In his keynote speech, titled “From Unagented Queries to a Dozen Books With Five Different Publishers,” Lehto will discuss how he went from being an unpublished author to having a dozen books published by four different publishers (and picked up an agent along the way). Highlights of his talk will include how he writes, where his book ideas have come from, how to tell good ideas from bad, how he sold his first books without an agent, and how it happened to be that Jay Leno wrote the forewords to two of his books.
Other sessions to be held are “Children’s Book Industry 101: Terms, Conventions, How It Works, and How We Get Paid” by Carrie Pearson, “Open a Vein: The Art of Memoir in Today’s Culture” by Felicia Schneiderhan, “Life-Altering Surprises, Annoying Sisters, and Running from Danger: Using Various Forms of Conflict to Keep Readers Addicted to Your Novel” by Naomi Rawlings, “The Quest for Your Best: A Poetry Workshop” by Janeen Rastall, “The Gift of Reading: A Book-Binding Workshop” by Susan Rosemurgy, and “How to Write a Mystery in 10 Agonizing Steps” by Vickie Fee. All the speakers are members of UPPAA or authors who live in or write about Upper Michigan.
This year, UPPAA will also present the first Dandelion Cottage Awards for its student short story contest. First place winner Katie McEachern of Negaunee will be present to receive her award for her story “The Attack.” The award includes a medallion, the winner’s name on a traveling school trophy, and a $250 cash prize. Second place will be awarded to Emma Locknane of Gwinn for her story “Welcome to the New Age,” accompanied by a medallion and $100 prize. Third place was a tie. Medallions and prize money of $50 will go to both Anna Laakso of Republic/Michigamme for her story “Elite” and to Sarah Lauzon of Ironwood for “Henry the Kitten.” Honorable Mention is also given to Sierra Hendrickson of Negaunee for her story “Abducted.”
In addition, the second volume of U.P. Reader, UPPAA’s own annual literary anthology featuring works by its members, will be released. Last year’s U.P. Reader was a successful publication that helped spread the word about the organization, raise money for it, and highlight the many writers living in the U.P. This year’s issue is even bigger and better than last year’s.
Finally, there will be a business meeting, a catered lunch buffet, a book collection taken up to support the Alger County Kiwanis’ annual auction, and networking opportunities for anyone wishing to learn more about writing, publishing, and book marketing.
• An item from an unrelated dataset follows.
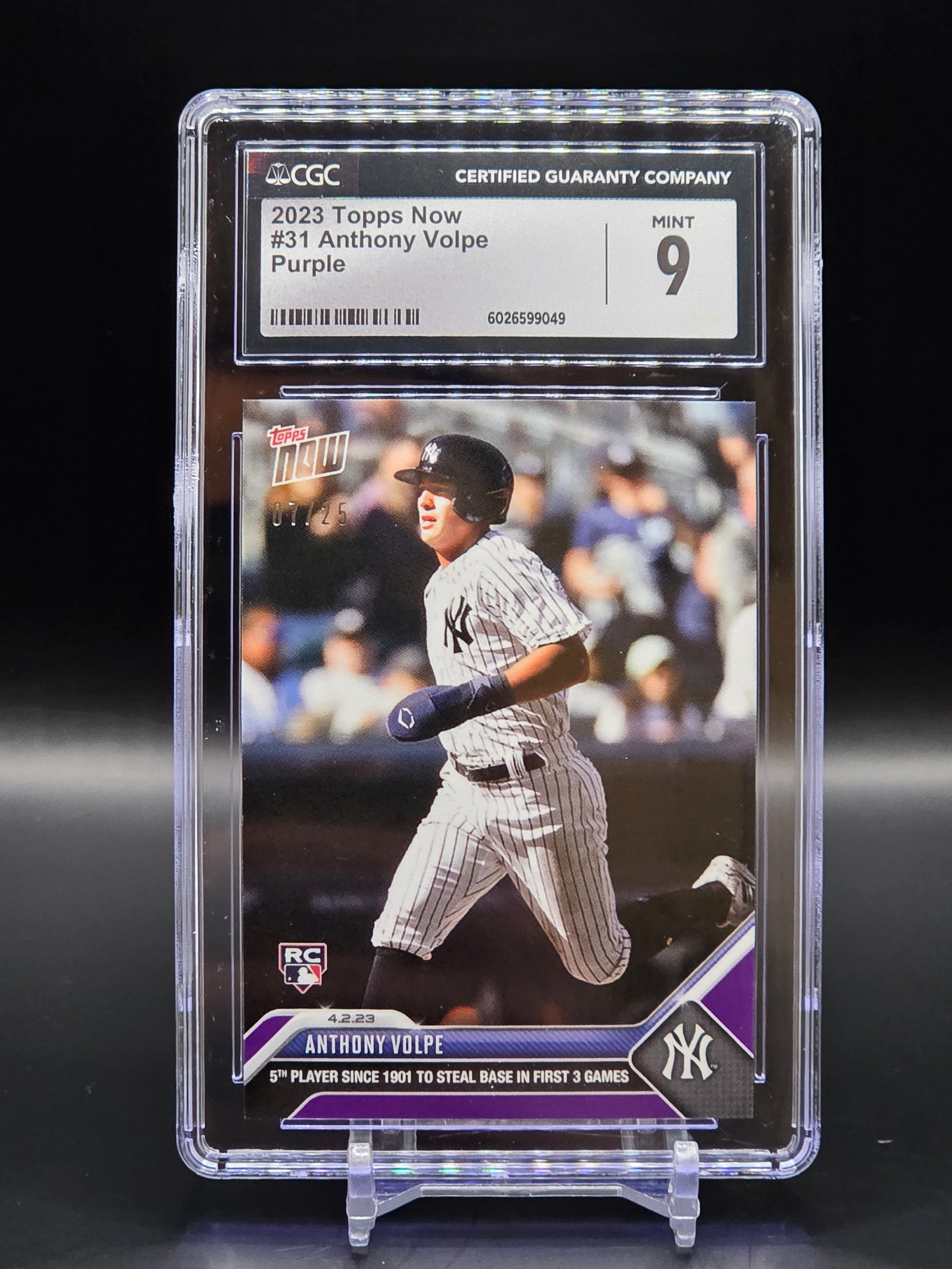 Anthony Volpe NY Yankees Topps Now RC #31 Purple /25 - Graded CGC 9 image 0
The general public may attend the meeting for a $15 registration fee. UPPAA members attend free of charge. Space is limited, so advanced registration is recommended. Membership details, benefits, and registration are available online at www.uppaa.org. A catered deli lunch is available for $10 per person with advance reservations required. For questions, contact membership secretary Brandy Thomas at email@example.com or (509) 675-2487. To register by mail, send a check payable to UPPAA to Brandy Thomas, 140 Youngs Road, Gwinn, MI 49841. Registrations online or by mail must be received no later than May 25.
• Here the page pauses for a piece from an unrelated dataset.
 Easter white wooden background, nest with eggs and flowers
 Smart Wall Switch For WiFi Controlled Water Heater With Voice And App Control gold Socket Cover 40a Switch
Established in 1998 to support authors and publishers who live in or write about Michigan’s Upper Peninsula, UPPAA is a Michigan nonprofit association with more than 100 members, many of whose books are featured on the organization’s website at www.uppaa.org. UPPAA welcomes membership and participation from anyone with a UP connection who is interested in writing and publishing books.